$$ \nabla (f \circ g) (v) = \begin{bmatrix} \nabla g_1 (v) & \dots & \nabla g_m (v)\end{bmatrix} \nabla f(g(v)) $$
$$ f(x) = f(x_0) + \nabla f(x_0 )^T (x-x_0) + \mathcal{E}(x) \approx f(x_0) + \nabla f(x_0)^T (x-x_0) $$
The gradient at a local minimum is $0$.
Rank theorems.
$$ 0 \leq \text{rank }A \leq \min(m,n ) \text{ and } \text{rank }A = 0 \iff A = 0 \\ \text{null } A = (\text{range }A^T) ^\perp \text{ so } \text{null } A \oplus (\text{range }A^T) ^\perp = F^n \\ \dim \text{null } A + \text{rank }A = n $$
If a wide matrix has linearly independent rows, then its solution set $\mathcal{S}$ to $Ax = y$ is affine wrt a particular solution $x_0$.
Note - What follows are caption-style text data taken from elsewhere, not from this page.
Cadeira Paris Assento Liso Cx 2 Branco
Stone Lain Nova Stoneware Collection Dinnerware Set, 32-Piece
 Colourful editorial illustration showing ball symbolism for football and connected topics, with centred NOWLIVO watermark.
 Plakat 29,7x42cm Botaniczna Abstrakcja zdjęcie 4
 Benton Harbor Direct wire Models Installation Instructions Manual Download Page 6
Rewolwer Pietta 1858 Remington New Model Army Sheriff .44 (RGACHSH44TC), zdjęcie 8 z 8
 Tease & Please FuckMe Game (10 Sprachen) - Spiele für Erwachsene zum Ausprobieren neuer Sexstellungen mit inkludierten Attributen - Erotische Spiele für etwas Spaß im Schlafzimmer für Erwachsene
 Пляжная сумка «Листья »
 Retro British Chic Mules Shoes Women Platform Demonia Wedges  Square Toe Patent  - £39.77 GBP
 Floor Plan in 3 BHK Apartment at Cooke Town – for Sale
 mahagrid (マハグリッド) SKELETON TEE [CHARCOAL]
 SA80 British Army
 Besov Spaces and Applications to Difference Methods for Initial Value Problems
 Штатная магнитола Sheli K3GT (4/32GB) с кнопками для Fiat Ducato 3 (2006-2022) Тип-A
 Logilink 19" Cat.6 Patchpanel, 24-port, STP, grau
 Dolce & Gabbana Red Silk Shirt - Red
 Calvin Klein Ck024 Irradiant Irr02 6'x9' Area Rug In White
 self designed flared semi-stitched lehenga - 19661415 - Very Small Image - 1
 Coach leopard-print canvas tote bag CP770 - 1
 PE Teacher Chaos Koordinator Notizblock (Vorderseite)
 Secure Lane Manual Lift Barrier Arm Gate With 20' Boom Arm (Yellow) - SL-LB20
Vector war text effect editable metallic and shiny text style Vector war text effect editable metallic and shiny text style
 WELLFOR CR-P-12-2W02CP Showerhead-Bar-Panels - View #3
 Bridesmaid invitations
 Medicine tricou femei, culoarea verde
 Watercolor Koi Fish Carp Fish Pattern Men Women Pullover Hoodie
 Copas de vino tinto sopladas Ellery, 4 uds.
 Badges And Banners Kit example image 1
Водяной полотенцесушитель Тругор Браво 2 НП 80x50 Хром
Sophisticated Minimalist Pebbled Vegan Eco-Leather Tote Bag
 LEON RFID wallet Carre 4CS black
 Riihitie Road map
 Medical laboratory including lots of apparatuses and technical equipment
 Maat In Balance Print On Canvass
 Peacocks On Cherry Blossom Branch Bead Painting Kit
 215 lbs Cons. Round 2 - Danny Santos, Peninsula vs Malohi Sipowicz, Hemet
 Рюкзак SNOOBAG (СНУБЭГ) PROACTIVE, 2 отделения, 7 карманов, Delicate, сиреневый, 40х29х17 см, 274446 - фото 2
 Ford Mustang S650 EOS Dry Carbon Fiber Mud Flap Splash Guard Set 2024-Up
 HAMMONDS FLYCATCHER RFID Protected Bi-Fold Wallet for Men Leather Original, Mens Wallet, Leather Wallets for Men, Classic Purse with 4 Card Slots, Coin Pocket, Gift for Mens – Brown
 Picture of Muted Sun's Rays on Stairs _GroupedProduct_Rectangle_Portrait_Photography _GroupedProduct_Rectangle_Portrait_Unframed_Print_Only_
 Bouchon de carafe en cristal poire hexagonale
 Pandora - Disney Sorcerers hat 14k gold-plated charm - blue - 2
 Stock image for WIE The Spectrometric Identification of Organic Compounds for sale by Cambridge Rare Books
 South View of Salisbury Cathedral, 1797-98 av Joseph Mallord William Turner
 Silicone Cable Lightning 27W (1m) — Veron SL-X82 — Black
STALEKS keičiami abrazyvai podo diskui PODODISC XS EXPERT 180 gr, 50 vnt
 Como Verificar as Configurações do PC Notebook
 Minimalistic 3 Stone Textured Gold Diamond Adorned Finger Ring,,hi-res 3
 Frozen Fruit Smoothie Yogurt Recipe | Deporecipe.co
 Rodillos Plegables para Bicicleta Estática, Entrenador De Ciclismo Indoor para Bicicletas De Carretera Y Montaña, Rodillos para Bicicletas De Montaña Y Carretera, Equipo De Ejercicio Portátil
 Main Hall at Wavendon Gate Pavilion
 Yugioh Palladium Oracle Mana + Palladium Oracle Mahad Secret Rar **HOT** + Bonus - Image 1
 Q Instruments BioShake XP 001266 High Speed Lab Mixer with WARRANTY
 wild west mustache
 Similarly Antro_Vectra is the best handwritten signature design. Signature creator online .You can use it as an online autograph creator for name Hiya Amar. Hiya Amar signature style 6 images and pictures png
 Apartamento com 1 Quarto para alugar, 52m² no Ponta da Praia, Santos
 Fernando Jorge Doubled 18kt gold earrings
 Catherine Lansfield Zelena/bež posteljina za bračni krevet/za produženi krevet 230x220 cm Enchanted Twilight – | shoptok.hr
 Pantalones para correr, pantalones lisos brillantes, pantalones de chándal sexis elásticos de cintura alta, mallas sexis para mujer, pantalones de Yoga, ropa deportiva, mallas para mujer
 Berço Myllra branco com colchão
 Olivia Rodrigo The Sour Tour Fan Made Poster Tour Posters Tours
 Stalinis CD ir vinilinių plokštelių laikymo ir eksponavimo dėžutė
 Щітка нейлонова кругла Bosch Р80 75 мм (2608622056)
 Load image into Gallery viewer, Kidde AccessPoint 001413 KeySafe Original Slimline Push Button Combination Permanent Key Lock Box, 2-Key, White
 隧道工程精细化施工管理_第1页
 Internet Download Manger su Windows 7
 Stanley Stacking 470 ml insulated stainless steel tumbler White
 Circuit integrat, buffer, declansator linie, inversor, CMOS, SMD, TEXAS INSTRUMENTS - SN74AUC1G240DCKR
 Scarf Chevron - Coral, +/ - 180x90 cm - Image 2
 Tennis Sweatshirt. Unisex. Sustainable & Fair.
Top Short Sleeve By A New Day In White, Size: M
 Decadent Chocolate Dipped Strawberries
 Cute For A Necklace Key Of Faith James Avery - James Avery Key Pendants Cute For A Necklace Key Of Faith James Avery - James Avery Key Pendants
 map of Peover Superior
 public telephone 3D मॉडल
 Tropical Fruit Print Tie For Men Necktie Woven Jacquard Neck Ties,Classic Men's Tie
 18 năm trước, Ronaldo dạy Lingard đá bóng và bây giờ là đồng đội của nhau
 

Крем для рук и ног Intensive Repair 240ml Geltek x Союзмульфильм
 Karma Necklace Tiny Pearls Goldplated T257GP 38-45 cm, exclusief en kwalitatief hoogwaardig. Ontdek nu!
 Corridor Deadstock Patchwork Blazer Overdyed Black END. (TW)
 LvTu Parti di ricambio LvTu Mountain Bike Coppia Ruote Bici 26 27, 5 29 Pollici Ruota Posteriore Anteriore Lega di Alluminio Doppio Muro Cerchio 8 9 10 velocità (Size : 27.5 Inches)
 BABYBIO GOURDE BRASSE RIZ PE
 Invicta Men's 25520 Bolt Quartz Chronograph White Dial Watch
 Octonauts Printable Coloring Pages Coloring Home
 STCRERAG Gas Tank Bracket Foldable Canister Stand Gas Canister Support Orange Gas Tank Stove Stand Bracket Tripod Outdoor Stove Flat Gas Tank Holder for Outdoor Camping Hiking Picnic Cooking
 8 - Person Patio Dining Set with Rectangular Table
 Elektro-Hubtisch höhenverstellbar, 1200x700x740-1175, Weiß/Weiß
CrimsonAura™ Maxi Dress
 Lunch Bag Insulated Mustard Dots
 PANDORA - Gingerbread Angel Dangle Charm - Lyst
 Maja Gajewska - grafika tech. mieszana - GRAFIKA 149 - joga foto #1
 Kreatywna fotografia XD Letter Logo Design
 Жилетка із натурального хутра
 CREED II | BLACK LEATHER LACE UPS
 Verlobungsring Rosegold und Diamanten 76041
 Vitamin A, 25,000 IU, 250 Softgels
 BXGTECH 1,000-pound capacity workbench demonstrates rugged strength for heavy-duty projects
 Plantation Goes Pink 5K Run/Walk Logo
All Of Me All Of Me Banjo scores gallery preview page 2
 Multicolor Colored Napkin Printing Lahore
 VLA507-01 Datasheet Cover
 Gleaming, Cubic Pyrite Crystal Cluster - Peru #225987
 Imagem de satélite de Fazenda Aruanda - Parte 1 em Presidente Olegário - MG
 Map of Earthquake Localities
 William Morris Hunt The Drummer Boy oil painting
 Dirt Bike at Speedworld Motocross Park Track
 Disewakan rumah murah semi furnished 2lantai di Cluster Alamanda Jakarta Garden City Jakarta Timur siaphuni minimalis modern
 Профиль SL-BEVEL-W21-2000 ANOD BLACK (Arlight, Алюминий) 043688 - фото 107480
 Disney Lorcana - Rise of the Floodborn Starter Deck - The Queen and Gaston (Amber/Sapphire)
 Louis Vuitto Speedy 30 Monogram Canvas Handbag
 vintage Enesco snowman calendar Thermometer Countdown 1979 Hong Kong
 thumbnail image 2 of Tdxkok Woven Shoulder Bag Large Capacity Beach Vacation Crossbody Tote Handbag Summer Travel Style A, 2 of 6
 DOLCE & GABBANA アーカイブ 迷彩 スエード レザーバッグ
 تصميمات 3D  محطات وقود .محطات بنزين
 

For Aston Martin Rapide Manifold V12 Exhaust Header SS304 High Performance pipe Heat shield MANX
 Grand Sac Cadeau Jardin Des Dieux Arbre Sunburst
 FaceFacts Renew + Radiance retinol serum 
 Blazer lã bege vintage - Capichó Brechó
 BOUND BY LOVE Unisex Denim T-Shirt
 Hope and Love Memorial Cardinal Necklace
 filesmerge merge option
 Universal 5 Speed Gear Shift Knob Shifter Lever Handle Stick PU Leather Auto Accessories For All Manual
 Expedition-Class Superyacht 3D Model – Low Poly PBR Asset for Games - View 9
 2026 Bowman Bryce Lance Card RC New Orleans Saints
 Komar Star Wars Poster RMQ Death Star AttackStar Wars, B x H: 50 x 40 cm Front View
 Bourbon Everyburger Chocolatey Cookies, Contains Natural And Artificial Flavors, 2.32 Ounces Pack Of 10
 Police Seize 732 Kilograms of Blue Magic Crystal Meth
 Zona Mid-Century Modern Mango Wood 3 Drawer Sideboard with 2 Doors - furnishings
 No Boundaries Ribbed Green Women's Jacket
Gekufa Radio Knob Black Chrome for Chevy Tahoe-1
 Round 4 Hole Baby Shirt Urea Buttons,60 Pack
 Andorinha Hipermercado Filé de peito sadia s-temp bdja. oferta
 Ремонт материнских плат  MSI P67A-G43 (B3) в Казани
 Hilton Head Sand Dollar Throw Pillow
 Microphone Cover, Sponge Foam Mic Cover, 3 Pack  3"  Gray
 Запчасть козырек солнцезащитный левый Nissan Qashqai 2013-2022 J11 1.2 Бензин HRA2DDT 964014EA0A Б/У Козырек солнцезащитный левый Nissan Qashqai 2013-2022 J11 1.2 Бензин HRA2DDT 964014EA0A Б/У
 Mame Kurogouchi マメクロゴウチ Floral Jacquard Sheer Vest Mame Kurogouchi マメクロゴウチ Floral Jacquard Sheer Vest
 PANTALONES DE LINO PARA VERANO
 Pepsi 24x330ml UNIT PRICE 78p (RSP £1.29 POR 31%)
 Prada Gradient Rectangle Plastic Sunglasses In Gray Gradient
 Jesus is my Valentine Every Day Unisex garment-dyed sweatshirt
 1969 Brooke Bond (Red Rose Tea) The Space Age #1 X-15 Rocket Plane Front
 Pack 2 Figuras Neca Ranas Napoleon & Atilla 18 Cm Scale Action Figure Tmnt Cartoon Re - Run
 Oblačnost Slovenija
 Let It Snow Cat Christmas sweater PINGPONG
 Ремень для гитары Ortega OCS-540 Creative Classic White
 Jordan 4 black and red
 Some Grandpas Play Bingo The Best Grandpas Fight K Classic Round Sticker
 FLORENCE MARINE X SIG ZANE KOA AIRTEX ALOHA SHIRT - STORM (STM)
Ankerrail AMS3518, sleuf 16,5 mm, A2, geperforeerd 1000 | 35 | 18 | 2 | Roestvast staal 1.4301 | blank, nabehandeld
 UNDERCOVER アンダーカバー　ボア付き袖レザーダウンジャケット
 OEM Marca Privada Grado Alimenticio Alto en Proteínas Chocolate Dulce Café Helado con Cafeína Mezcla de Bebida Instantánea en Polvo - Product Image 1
$$ \mathcal{S} = x_0 + \text{null }A $$
Moore-Penrose Pseudoinverse (Full Row Rank). Obtains the solution of least norm to $Ax = y$.
$$ x^* = A^T (AA^T)^{-1}y $$
Moore-Penrose Pseudoinverse (Full Column Rank). Obtains the least squares solution to $Ax = y$.
$$ x^* = (A^T A)^{-1}A^T y $$
$$ \mathcal{S} = \{x^* \in \R^n \space | \space A^T Ax^* = A^T y\} $$
If $A$ has full column rank, then $A^TA$ is invertible. If $A$ has full row rank, then $AA^T$ is invertible.
A hyperplane $H$ is an $n-1$-dimensional affine set, typically embedded in an $n$-dimensional vector space $\mathbf{V}$, defined with respect to a normal vector $0 \neq a \in \mathbf{V}$ and $b \in \mathbf{V}$.